Rate Analysis for Concrete

Introduction of Rate Analysis for Concrete

1^st Step – estimation of labour, materials, equipments & miscellaneous items
2^nd Step– check the component of structure to which the RCC rate analysis is needed,

Data required for RCC Rate Analysis

Step 1: Estimation of Materials

Principal Components are: cement, sand, coarse aggregate & steel. Let mix design is M20 (1:1.5:3). Total volume of substances required is 1.54 m³ for 1 m³of wet concrete.

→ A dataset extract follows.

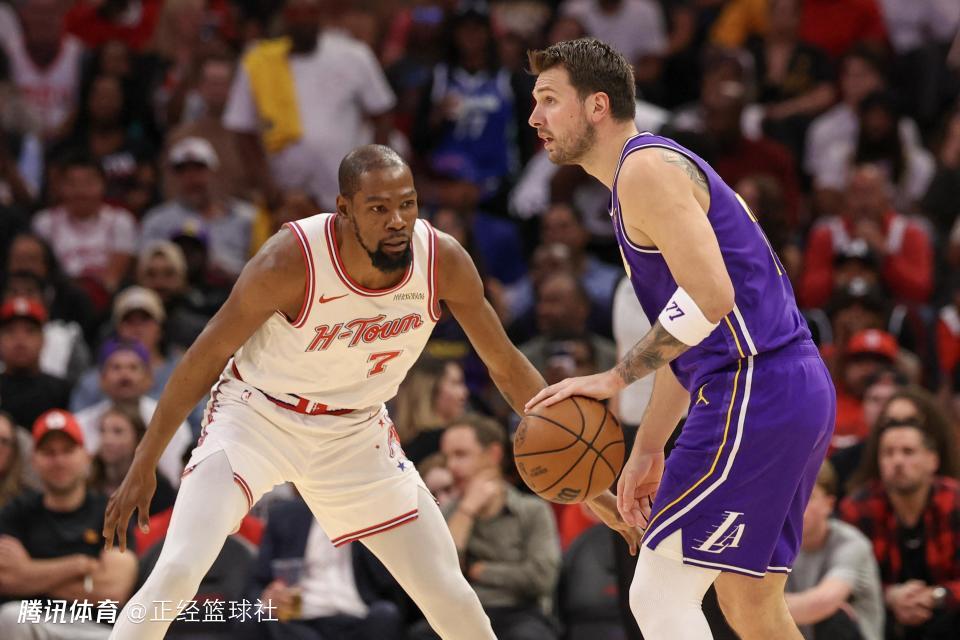 火湖大战扎心一幕！湖人积极沟通火箭互不交流 名嘴怒批火箭各自为战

For 1 m³ of m15 (1:2:4) grade
- Sub total cost = cement + sand + aggregate = Rs. (2520 +775 + 1860) = Rs. 5155.
For 1 m³ of m7.5 (1:4:8) grade
- Sub total cost = cement + sand + aggregate = Rs. (1360 +837 + 2008 )= Rs. 4205.
For 1 m³ of m10 (1:3:6) grade
- Sub total cost = cement + sand + aggregate = Rs. (1776 +815 + 1956) = Rs. 4547.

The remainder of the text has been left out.